### Exercise objective
Your response should be the complete set of records, reproduced exactly.

### Records for this task

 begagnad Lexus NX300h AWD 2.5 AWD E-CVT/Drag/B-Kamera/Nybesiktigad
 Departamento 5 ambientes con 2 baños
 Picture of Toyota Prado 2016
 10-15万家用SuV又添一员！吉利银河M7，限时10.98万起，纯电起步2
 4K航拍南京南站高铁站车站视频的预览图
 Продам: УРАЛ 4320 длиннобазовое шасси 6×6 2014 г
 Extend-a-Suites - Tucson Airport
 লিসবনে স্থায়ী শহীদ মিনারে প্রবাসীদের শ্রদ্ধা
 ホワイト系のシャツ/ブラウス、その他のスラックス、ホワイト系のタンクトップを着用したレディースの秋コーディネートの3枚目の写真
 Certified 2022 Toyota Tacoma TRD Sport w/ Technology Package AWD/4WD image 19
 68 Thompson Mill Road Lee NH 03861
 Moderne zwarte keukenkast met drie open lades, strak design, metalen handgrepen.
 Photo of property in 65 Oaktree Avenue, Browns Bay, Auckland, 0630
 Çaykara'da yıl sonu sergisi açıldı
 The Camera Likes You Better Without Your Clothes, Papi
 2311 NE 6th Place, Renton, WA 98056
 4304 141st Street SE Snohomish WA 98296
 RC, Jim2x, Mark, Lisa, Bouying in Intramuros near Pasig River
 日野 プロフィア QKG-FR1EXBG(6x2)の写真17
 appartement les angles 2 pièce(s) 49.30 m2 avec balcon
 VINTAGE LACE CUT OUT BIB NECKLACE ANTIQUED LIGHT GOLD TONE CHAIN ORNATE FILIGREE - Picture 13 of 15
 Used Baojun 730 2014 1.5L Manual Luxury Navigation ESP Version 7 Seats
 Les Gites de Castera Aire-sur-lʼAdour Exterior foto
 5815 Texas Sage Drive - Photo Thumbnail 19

### Answer for this exercise
 begagnad Lexus NX300h AWD 2.5 AWD E-CVT/Drag/B-Kamera/Nybesiktigad
 Departamento 5 ambientes con 2 baños
 Picture of Toyota Prado 2016
 10-15万家用SuV又添一员！吉利银河M7，限时10.98万起，纯电起步2
 4K航拍南京南站高铁站车站视频的预览图
 Продам: УРАЛ 4320 длиннобазовое шасси 6×6 2014 г
 Extend-a-Suites - Tucson Airport
 লিসবনে স্থায়ী শহীদ মিনারে প্রবাসীদের শ্রদ্ধা
 ホワイト系のシャツ/ブラウス、その他のスラックス、ホワイト系のタンクトップを着用したレディースの秋コーディネートの3枚目の写真
 Certified 2022 Toyota Tacoma TRD Sport w/ Technology Package AWD/4WD image 19
 68 Thompson Mill Road Lee NH 03861
 Moderne zwarte keukenkast met drie open lades, strak design, metalen handgrepen.
 Photo of property in 65 Oaktree Avenue, Browns Bay, Auckland, 0630
 Çaykara'da yıl sonu sergisi açıldı
 The Camera Likes You Better Without Your Clothes, Papi
 2311 NE 6th Place, Renton, WA 98056
 4304 141st Street SE Snohomish WA 98296
 RC, Jim2x, Mark, Lisa, Bouying in Intramuros near Pasig River
 日野 プロフィア QKG-FR1EXBG(6x2)の写真17
 appartement les angles 2 pièce(s) 49.30 m2 avec balcon
 VINTAGE LACE CUT OUT BIB NECKLACE ANTIQUED LIGHT GOLD TONE CHAIN ORNATE FILIGREE - Picture 13 of 15
 Used Baojun 730 2014 1.5L Manual Luxury Navigation ESP Version 7 Seats
 Les Gites de Castera Aire-sur-lʼAdour Exterior foto
 5815 Texas Sage Drive - Photo Thumbnail 19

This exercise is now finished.